*** Opening STORED DATA ***
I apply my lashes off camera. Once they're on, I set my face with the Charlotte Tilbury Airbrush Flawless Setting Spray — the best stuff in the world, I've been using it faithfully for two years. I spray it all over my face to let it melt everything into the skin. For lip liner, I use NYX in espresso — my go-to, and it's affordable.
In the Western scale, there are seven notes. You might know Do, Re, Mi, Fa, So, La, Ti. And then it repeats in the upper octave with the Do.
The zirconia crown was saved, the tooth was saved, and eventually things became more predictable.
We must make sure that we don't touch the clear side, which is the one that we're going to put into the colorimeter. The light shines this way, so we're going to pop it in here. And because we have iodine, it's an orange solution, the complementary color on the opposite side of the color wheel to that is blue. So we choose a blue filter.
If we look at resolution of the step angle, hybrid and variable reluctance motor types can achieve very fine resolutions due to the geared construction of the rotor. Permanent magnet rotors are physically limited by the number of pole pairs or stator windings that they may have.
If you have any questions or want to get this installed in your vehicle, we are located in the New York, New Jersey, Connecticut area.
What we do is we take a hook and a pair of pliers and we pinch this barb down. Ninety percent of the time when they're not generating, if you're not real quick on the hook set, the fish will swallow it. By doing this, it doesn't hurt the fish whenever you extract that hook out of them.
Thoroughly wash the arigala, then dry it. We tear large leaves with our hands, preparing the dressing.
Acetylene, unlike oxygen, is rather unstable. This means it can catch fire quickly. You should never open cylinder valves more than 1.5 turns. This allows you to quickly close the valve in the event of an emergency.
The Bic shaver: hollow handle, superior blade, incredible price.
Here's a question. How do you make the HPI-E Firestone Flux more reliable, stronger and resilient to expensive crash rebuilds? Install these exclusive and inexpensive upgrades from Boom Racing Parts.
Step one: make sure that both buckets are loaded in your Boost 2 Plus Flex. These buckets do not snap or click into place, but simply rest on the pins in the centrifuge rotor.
*** Closing STORED DATA ***
THE TASK:
What number of lines in the records hold "make"? Reply with that number alone.

ANSWER FOR THIS EXERCISE:
3